Welcome to “INTERAC Flash Debit Cards”
This week the Royal Bank and Scotia Bank issued a joint press release announcing that in 2011, they plan to add an enhancement to consumers’ debit cards which will allow for contactless transactions. INTERAC Flash is being introduced into the market. The concept, instead of inserting or swiping the debit card and waiting to key in a PIN number, the customer simply flashes their card in front of a reader, the transaction is captured and debited from their bank account and the customer can walk away with their purchase.

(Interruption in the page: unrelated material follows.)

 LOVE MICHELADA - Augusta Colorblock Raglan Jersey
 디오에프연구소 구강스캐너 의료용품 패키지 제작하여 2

But contactless transactions are not new to the market. Both MasterCard and Visa introduced their contactless product, PayPass and PayWave respectively with limited success. While these products can be found in a handful of major merchants across the country, contactless is still far from being the norm, the opposite of countries in Asia and Europe where contactless has been prevalent for several years and expected at most merchants.
Contactless Payment Solution Benefits
As a merchant, the benefits can be big. Debit transactions are historically thought to take longer than credit or cash transactions because of the need for entering a PIN number. The elimination of a PIN entry will increase the speed of thru put at the cash register which will move the customers through the line much quicker. Also, if the hypothesis that these Flash transactions will cannibalize cash transactions, it will reduce the costs associated with cash handling. It will lower the risk of fraud activity since there is no PIN number entered and therefore possibly make the merchant less of a target for compromised pinpads. Plus, it’s some pretty cool technology.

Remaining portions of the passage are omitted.